(Items listed in a dataset)
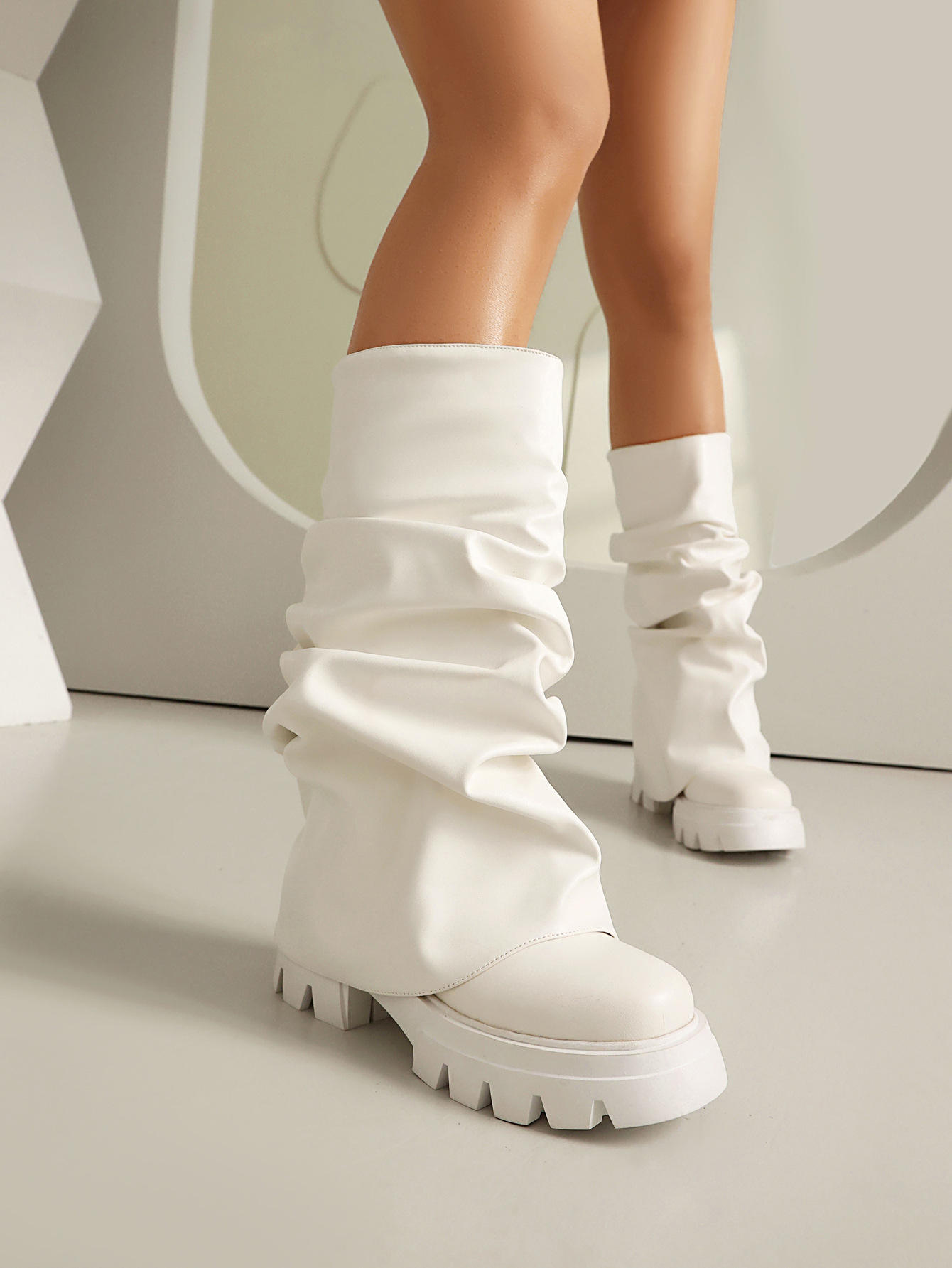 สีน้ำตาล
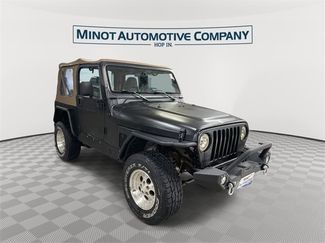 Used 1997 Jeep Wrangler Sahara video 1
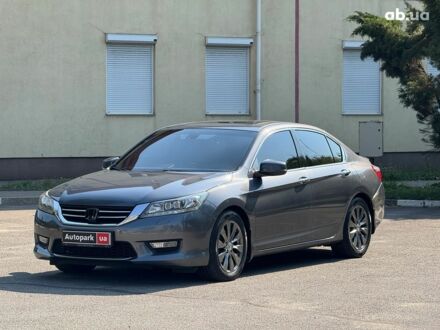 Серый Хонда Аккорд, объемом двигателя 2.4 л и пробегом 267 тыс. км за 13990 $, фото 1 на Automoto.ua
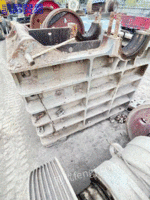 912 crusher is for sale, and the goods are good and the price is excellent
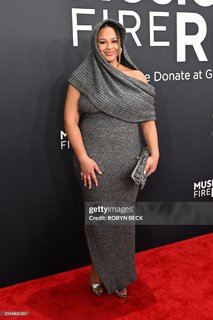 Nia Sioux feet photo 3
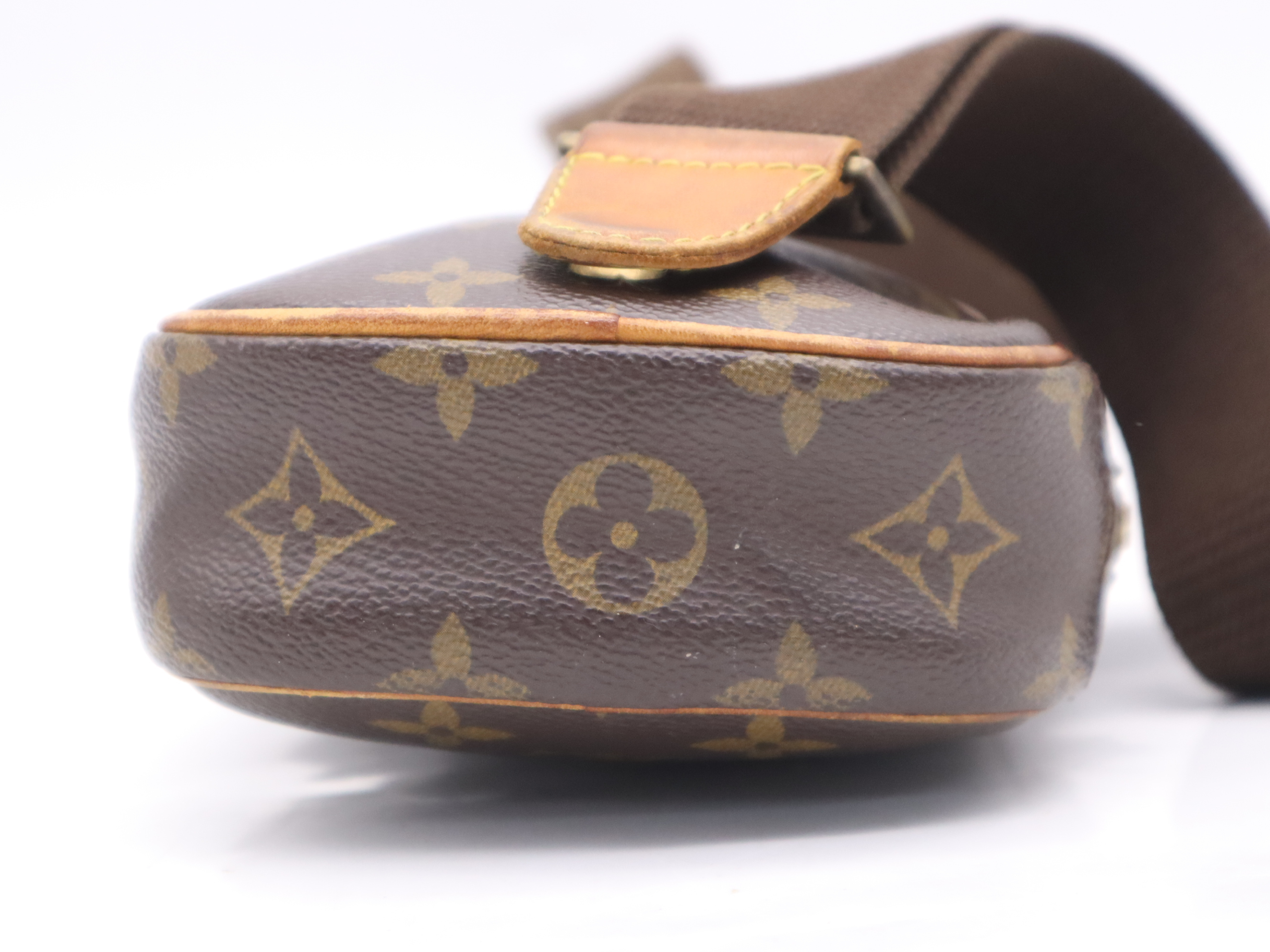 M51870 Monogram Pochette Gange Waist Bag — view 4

- **Goal of the exercise**:
Write out exactly the lines from the one containing "912 crusher is" to the last line of the records above, both included, and leave out any pictures.

- **Answer box**:
 912 crusher is for sale, and the goods are good and the price is excellent
 Nia Sioux feet photo 3
 M51870 Monogram Pochette Gange Waist Bag — view 4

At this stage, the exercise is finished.